Top GOP chairman warns against Trump budget plan

Rep. Rodney Frelinghuysen, R-New Jersey, leaves the House Republican Conference meeting in the Capitol on Wednesday, Nov. 30, 2016. (Photo By Bill Clark/CQ Roll Call) (CQ Roll Call via AP Images)

Story highlights

  • House Appropriations Chairman Rodney Frelinghuysen is a New Jersey Republican
  • Frelinghuysen wants President Donald Trump to consider cutting entitlements

(CNN)Another top House Republican is expressing concerns about President Donald Trump's budget outline that proposes deep cuts to federal programs but doesn't include major changes to entitlement programs, a key component of recent federal spending blueprints drafted by the GOP.

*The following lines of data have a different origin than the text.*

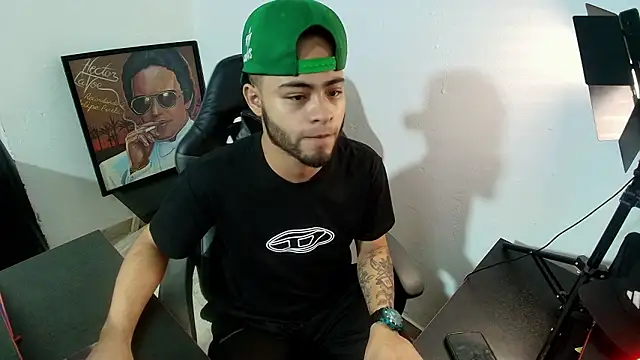 Snapshot of Xanderstone00 chatting on February 2026 09:44:02 PM Xanderstone00 online show from February 2026 09:44:02 PM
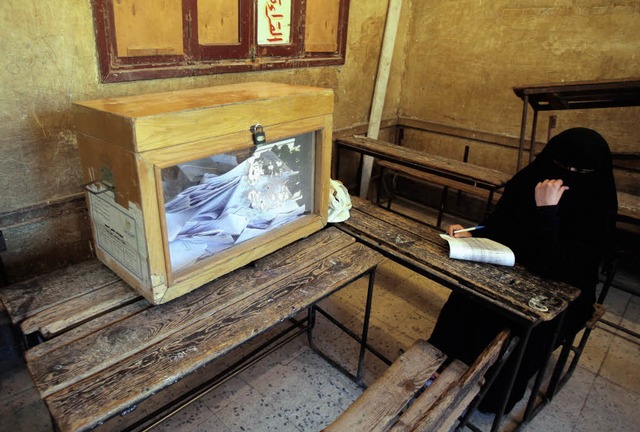 Eine gypterin, die der Muslimbrudersc... ob die Abstimmung korrekt verluft.    | Foto: DPA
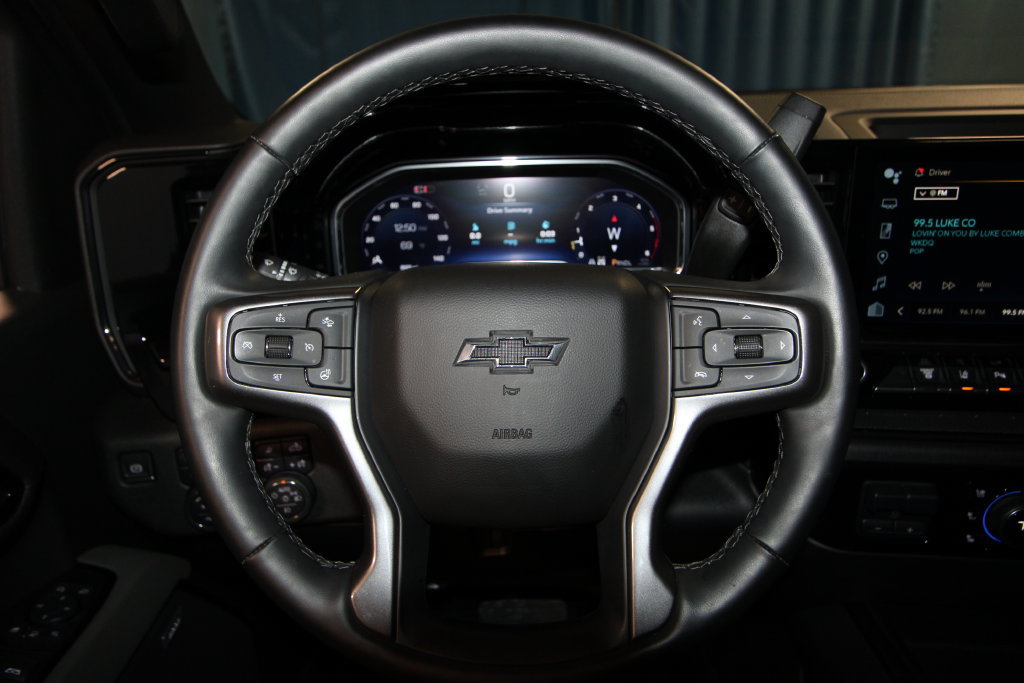 Used 2025 Chevrolet Silverado 2500 ZR2 w/ Technology Package AWD/4WD image 13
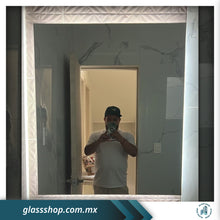 Cargar imagen en el visor de la galería, Espejo de 6mm con bastidor, canto pulido Brillante y luz LED trasera por M2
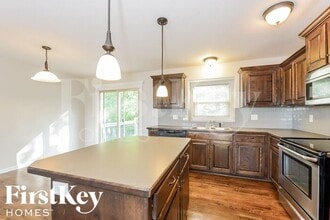 11115 Highview Rd in Peculiar, MO - Building Photo - Building Photo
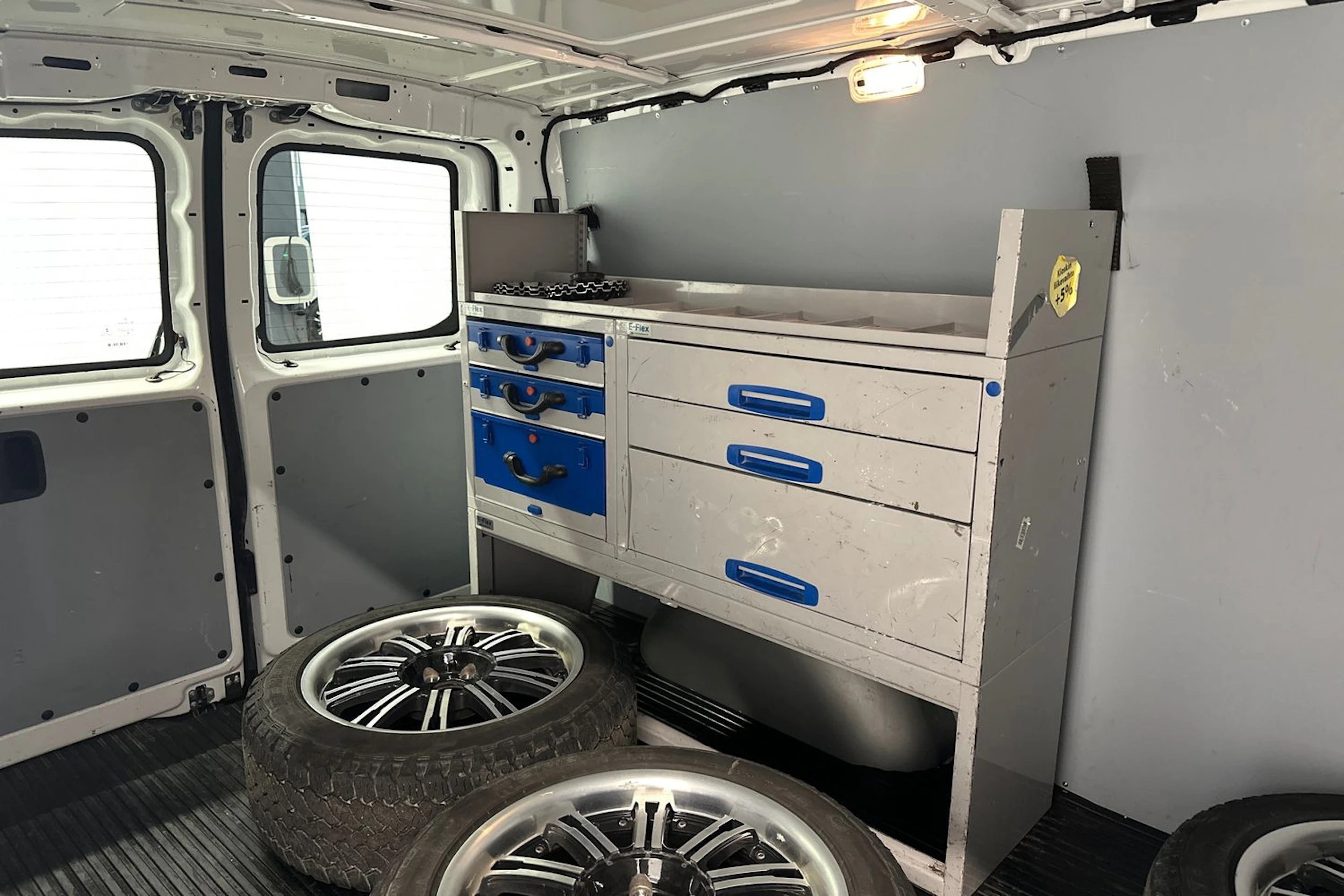 valkoinen Mercedes-Benz Vito 2017 kuva 27.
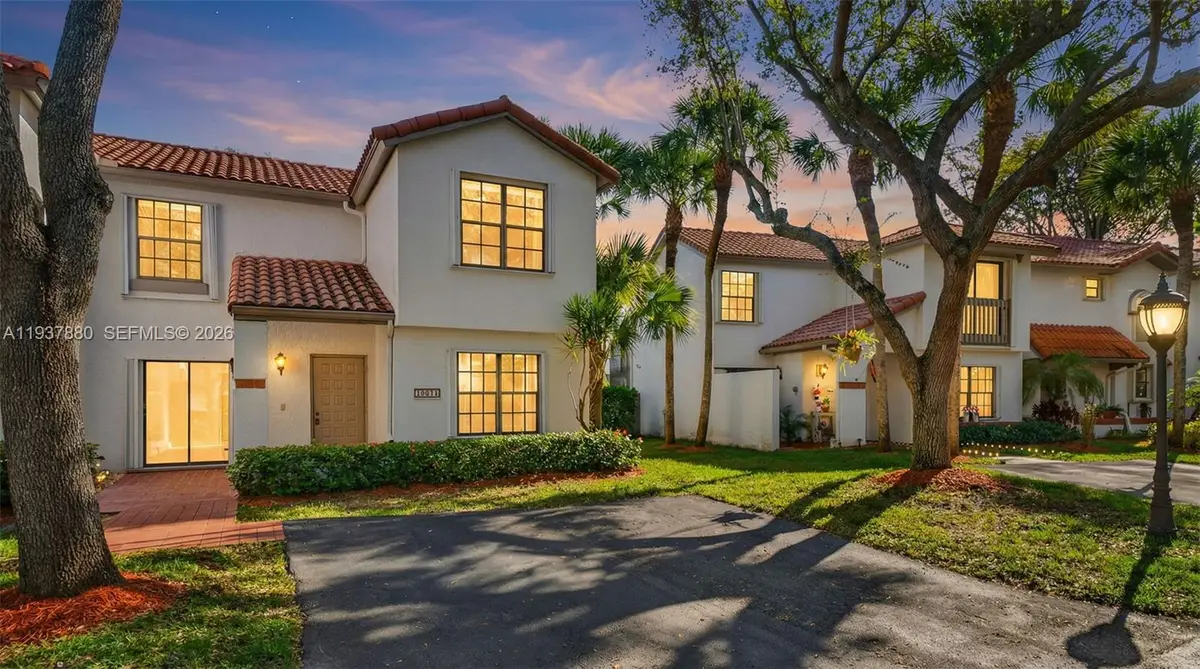 13013 SW 95th Ave, Miami, FL 33176 - Image #1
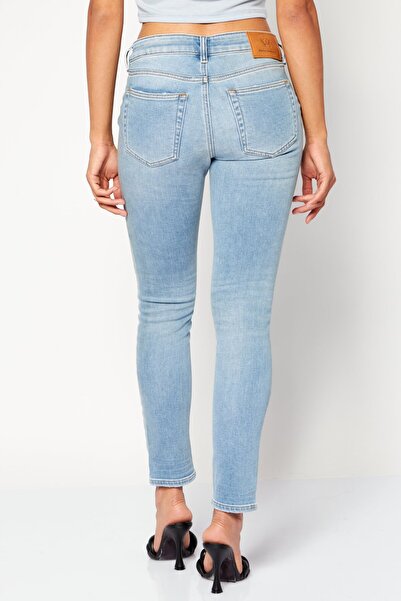 Diesel Women D-Ollies-T Slim Fit Washed Stretchable Jeans, Blue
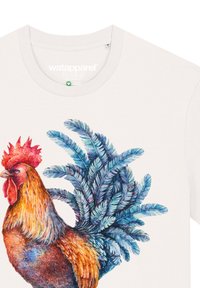 Weißes Kurzarm-T-Shirt mit einer bunten Illustration eines Huhns, das blau gefiederte und detaillierte Elemente, einschließlich Textur und Schattierung, zeigt.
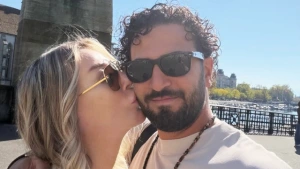 Seda Sayan ve Çağlar Ökten İsviçre'de Aşka Geldi: Zürih Sokaklarından Romantik Paylaşım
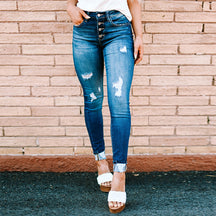 Ich halte dich so fest, dunkle Distressed-Jeans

"We've reduced our discretionary spending over the last seven to eight years an incredible amount," House Appropriations Chairman Rodney Frelinghuysen told reporters Tuesday.
Frelinghuysen said: "I'd like my other congressional colleagues to take a look at all those entitlement programs -- obviously Social Security is different than others because that's something that is not the traditional entitlement."
    The spending panel chief told reporters he was meeting with Office of Management and Budget Director Mick Mulvaney later this week to get more details on the budget proposal.
    Asked if House Republicans could pass spending bills that focus the cuts on non-defense programs but don't touch mandatory spending, the appropriations chairman hedged.
    "We'll find out as we get more facts from the administration," Frelinghuysen said.
    But he reiterated the need to look for savings from programs like Medicare, instead of concentrating on cutting back existing programs at departments across Washington.
      "There's some pretty important programs that keep America open for business and that are vital to our national security, and we would be very good to take a look at some of the entitlement programs. Those are the real cost drivers," he said.
      Trump has repeatedly said that he will not cut entitlements, and said Monday he planned to cut from other government departments with the State Department and the Environmental Protection Agency expected to be a particularly hit.